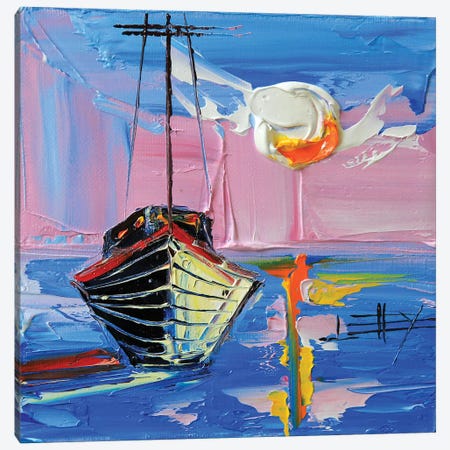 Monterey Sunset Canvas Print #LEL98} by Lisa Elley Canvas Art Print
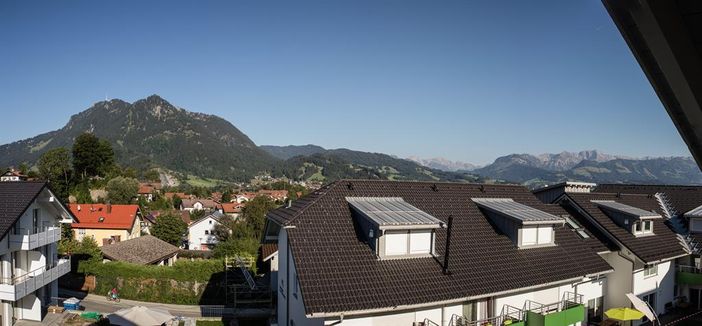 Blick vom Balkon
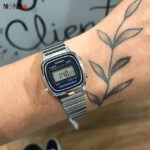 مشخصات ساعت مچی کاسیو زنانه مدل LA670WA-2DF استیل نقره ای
--
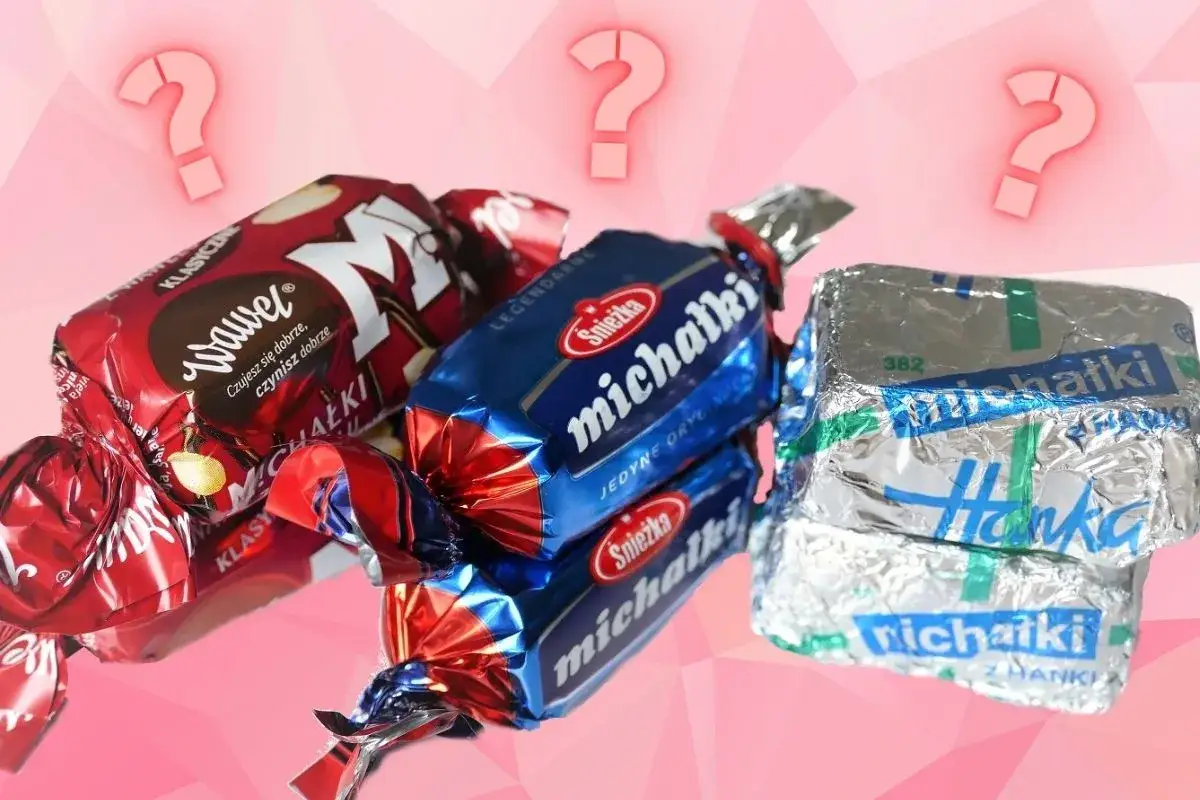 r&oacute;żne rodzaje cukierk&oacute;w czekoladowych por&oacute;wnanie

--- Exercise requirements ---
Look above for the line containing "Monterey Sunset Canvas" and the line containing "مشخصات ساعت مچی", then reproduce both and everything between them exactly, pictures omitted.

--- Answer section ---
 Monterey Sunset Canvas Print #LEL98} by Lisa Elley Canvas Art Print
 Blick vom Balkon
 مشخصات ساعت مچی کاسیو زنانه مدل LA670WA-2DF استیل نقره ای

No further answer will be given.